=== Dataset records ===
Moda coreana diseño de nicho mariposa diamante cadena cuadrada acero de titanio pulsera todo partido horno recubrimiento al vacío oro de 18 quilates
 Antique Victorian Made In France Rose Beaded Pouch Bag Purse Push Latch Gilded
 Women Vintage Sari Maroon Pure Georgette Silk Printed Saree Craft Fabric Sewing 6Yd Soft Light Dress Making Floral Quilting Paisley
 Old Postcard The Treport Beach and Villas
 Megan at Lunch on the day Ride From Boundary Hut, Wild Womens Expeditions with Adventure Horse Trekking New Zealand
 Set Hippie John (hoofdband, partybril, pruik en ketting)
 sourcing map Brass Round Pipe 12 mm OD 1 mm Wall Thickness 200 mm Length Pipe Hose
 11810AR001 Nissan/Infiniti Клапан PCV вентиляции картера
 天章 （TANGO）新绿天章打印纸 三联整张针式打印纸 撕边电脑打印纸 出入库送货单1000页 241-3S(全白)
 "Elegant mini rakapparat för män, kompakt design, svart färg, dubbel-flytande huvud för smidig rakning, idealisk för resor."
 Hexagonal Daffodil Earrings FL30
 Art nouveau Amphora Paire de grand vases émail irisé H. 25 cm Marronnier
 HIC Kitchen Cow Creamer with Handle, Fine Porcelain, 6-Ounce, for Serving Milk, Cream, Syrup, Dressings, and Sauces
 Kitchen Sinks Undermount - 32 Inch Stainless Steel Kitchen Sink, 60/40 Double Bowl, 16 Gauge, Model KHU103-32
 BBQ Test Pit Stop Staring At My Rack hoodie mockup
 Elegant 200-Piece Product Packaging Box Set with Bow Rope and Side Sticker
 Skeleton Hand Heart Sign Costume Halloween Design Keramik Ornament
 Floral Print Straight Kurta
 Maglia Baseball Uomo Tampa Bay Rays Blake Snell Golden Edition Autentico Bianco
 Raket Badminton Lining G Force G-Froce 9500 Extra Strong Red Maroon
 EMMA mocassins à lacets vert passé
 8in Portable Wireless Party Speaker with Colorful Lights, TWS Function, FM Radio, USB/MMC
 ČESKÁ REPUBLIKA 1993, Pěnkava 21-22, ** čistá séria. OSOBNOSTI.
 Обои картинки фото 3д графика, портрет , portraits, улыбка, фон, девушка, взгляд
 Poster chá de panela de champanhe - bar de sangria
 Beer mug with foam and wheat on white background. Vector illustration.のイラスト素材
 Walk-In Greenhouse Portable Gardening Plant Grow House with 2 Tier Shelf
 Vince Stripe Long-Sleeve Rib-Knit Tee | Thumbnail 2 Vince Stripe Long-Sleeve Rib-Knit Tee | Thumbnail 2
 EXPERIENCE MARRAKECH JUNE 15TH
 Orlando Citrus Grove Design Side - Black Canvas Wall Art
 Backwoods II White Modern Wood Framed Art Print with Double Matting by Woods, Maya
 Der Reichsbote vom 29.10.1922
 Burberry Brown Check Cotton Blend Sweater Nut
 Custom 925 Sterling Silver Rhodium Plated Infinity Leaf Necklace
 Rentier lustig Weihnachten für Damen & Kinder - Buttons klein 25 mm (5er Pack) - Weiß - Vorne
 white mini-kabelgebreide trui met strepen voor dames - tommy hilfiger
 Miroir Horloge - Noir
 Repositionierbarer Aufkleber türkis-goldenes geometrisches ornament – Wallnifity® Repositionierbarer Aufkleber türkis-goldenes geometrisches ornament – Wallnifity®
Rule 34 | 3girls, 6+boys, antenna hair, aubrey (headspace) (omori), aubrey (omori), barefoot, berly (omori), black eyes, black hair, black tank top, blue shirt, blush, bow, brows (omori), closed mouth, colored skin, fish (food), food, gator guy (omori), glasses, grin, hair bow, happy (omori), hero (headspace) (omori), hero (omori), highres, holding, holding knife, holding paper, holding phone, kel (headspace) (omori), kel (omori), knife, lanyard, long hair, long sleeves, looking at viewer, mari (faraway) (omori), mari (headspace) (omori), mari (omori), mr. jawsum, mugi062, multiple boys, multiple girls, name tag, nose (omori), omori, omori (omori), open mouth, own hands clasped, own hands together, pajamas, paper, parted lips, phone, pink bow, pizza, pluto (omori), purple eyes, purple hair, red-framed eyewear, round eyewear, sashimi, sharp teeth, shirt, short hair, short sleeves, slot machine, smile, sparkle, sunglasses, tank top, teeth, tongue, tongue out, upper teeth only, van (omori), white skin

=== Problem to work on ===
Could you retype exactly the lines above, starting at the line that contains "Art nouveau Amphora" and ending at the line that contains "Elegant 200-Piece Product", and nothing more?

=== Answer ===
 Art nouveau Amphora Paire de grand vases émail irisé H. 25 cm Marronnier
 HIC Kitchen Cow Creamer with Handle, Fine Porcelain, 6-Ounce, for Serving Milk, Cream, Syrup, Dressings, and Sauces
 Kitchen Sinks Undermount - 32 Inch Stainless Steel Kitchen Sink, 60/40 Double Bowl, 16 Gauge, Model KHU103-32
 BBQ Test Pit Stop Staring At My Rack hoodie mockup
 Elegant 200-Piece Product Packaging Box Set with Bow Rope and Side Sticker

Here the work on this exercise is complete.